*** LISTED RECORDS Section Begins ***

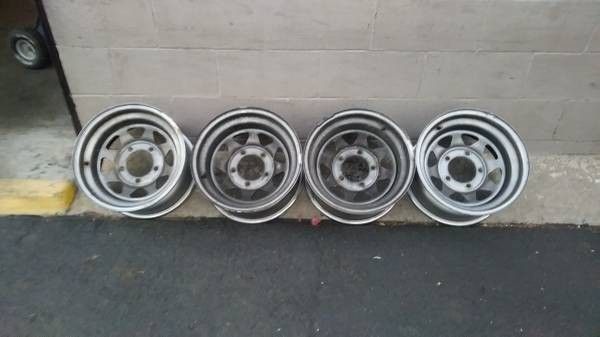 15x8 chrome wagon wheels. 5 on 5.5 lugs, Dodge, Ford, Jeep, more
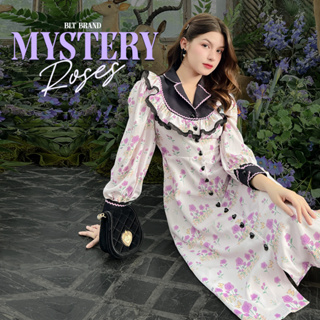 B137 Mystery Roses : Midi Dress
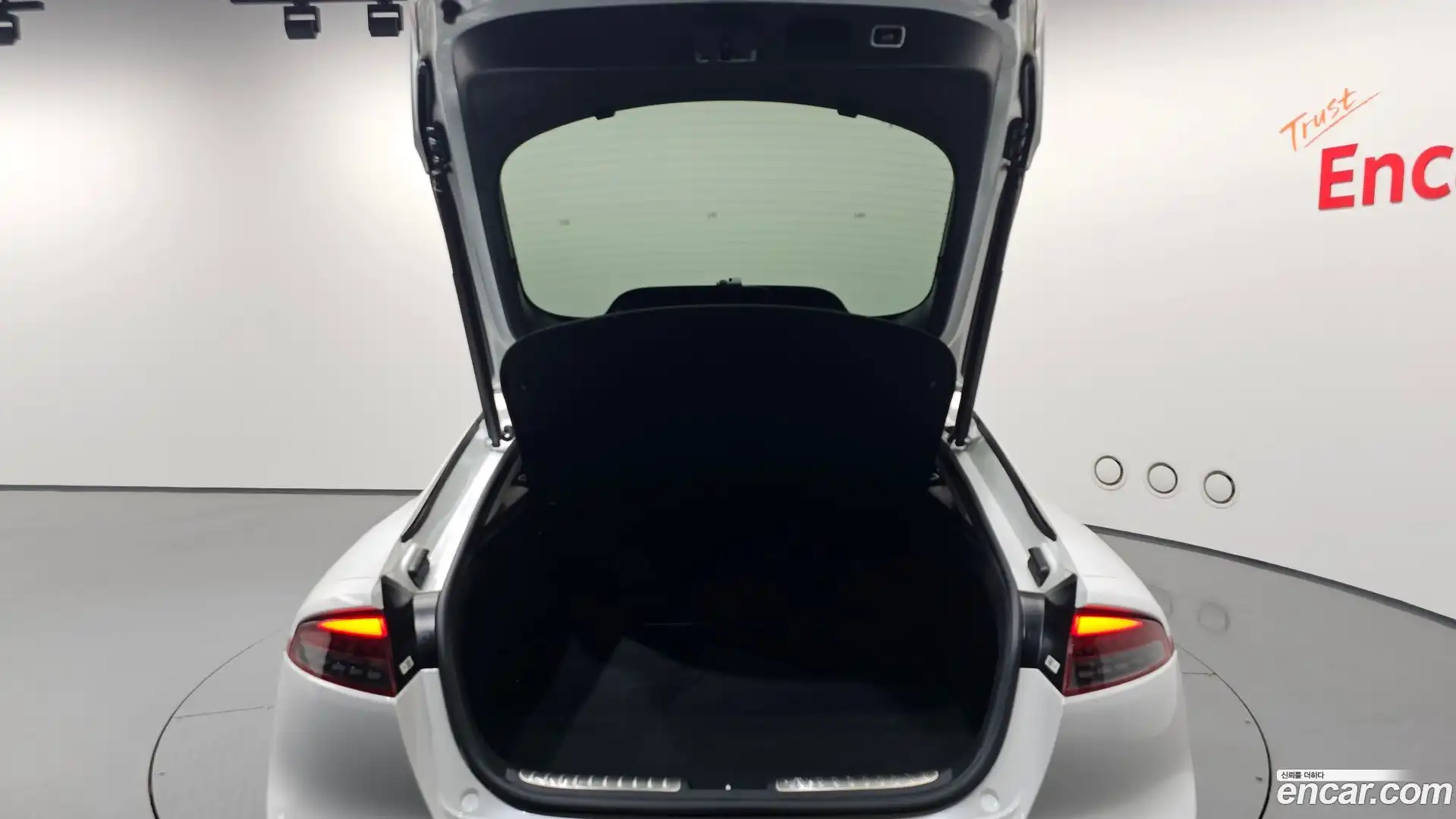 Stinger Kia 2020.10-OPTION-021
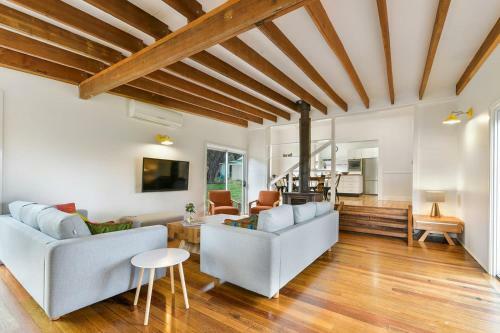 Cargo Road Wines Savy Cosy Farm Stay At Winery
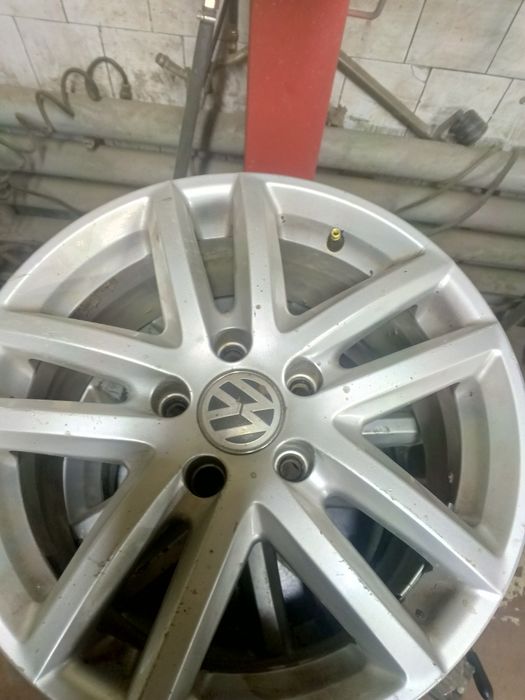 Продам диск на запаску R16 5/112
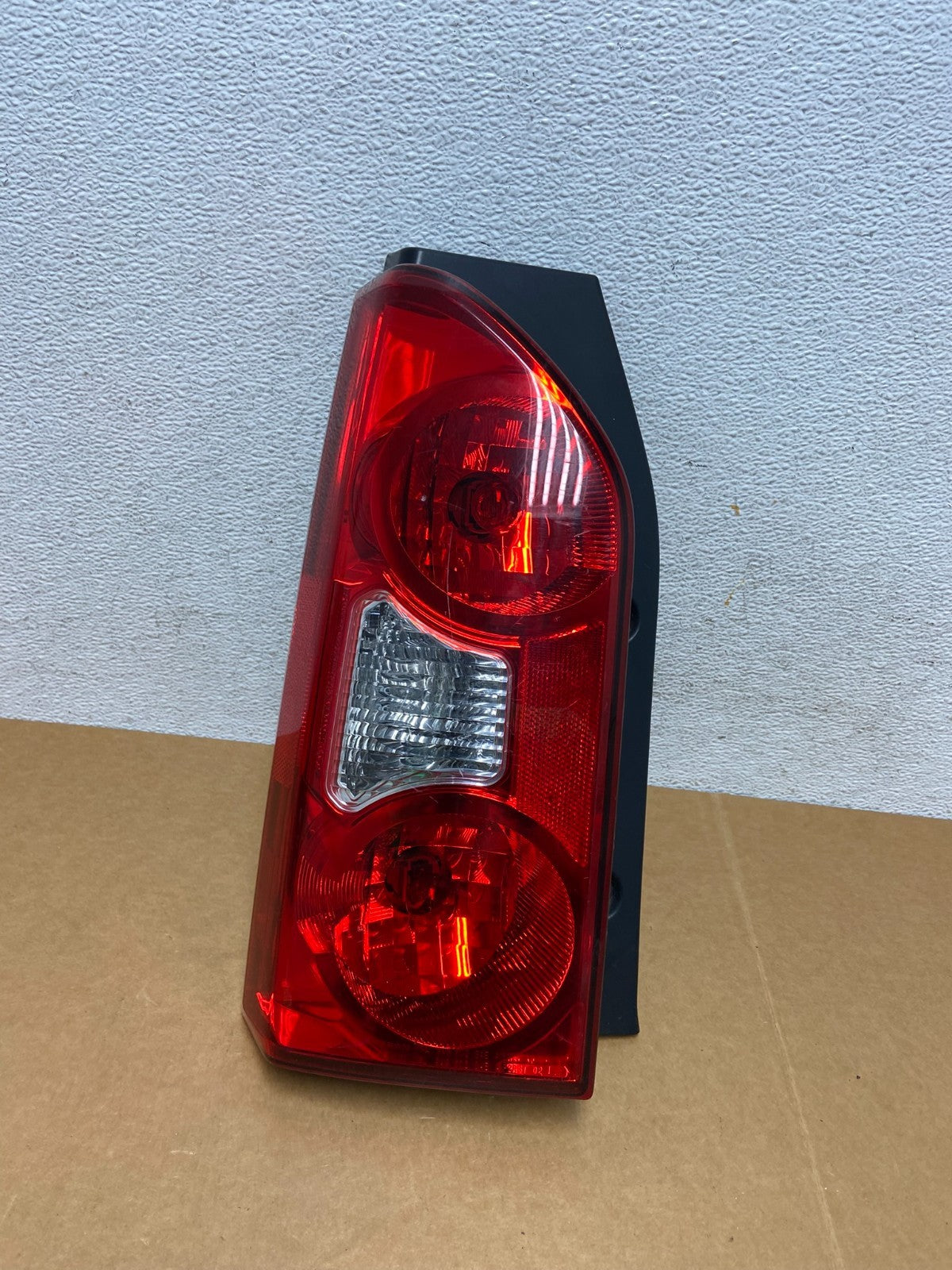 2005 to 2015 Nissan Xterra Tail light Left Driver Lh Side AD8886 DW0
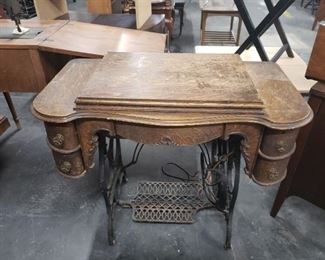 Antique late 1800's Eldridge sewing machine in original cabinet & accessories 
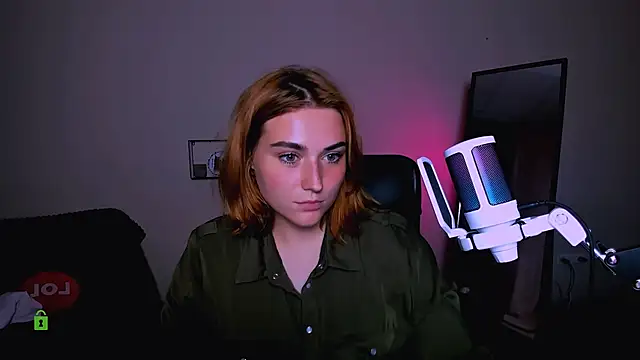 casey meow  online show from September 26, 2:58 pm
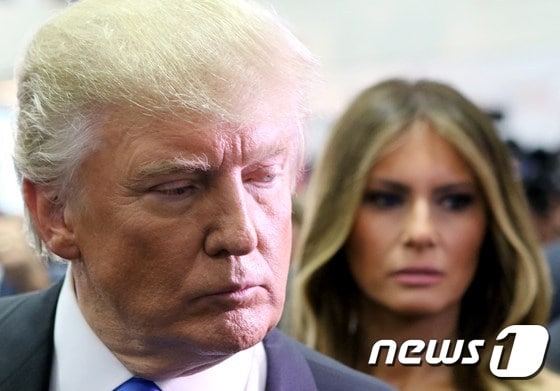 어두운 표정의 도널드 트럼프와 부인 멜라니아가 26일(현지시간) 1차 대선토론을 마치고 토론장을 나서고 있다. ⓒ AFP=뉴스1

*** LISTED RECORDS Section Ends ***

▶ [WORK REQUEST]:
With pictures left out, repeat exactly the lines from the one containing "Продам диск на запаску R16 5/112" through the last line of the data above, inclusive, and nothing else.

▶ [WORKED SOLUTION]:
 Продам диск на запаску R16 5/112
 2005 to 2015 Nissan Xterra Tail light Left Driver Lh Side AD8886 DW0
 Antique late 1800's Eldridge sewing machine in original cabinet & accessories 
 casey meow  online show from September 26, 2:58 pm
 어두운 표정의 도널드 트럼프와 부인 멜라니아가 26일(현지시간) 1차 대선토론을 마치고 토론장을 나서고 있다. ⓒ AFP=뉴스1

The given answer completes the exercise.